In the context of personnel selection, gender differences in language have been highlighted as a way bias can be introduced at the application (e.g., résumé, cover letter, etc.), screening and interview levels. Investigating the bias at the application level, Foley and Williamson (2018) observed that recruiters were able to use implicit signals and cues to infer the gender identities of applicants in anonymized job applications, reintroducing the possibility of gender bias. The well-publicized experiment at Amazon where a resume parser built with past data generating gender-biased outcomes is a good example of how language bias can influence predictive machine learning models. In this work, we present the examination of gender differences in language observed at the assessment level using data from a text-chat based automated structured interview. Structured interviews have been shown to reduce bias over unstructured interviews (Levashina et al., 2014).

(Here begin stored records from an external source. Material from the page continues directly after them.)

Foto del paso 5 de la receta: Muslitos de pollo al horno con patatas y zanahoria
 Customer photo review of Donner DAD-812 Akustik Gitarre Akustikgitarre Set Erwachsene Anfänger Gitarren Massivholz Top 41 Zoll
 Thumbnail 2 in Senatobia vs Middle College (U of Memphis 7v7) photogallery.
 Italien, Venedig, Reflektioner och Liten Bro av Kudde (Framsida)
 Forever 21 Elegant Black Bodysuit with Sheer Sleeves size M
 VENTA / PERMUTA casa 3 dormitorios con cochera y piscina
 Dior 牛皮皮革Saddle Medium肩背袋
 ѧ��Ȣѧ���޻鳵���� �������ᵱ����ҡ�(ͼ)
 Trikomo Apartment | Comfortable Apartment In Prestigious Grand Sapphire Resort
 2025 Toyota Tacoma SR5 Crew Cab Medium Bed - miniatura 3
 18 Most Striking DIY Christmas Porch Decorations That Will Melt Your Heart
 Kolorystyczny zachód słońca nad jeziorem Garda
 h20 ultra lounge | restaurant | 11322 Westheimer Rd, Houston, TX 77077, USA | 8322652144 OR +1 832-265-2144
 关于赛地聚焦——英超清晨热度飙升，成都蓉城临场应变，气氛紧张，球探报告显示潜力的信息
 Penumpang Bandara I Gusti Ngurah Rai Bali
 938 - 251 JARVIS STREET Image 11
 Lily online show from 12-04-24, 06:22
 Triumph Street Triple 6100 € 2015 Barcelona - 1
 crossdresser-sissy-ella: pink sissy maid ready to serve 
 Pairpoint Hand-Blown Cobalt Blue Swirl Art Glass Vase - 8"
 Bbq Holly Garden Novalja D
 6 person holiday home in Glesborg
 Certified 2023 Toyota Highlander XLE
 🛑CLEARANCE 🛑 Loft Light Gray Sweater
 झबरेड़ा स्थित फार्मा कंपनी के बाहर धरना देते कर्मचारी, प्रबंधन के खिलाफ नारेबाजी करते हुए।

We aimed to quantify the amount of gender information contained in 1) the raw text
responses to structured interview questions, and 2) the measures (or features) calculated from the responses as per the interview scoring rubric (e.g., personality traits, behavioral competencies, communication skills etc.). Quantification of gender-related information is achieved by training machine learning models to predict gender from raw text and derived features, respectively, and using their accuracies as proxies for the gender information1 present in each case. We hypothesized that features derived according to a clearly defined rubric would contain less gender information compared to raw candidate responses.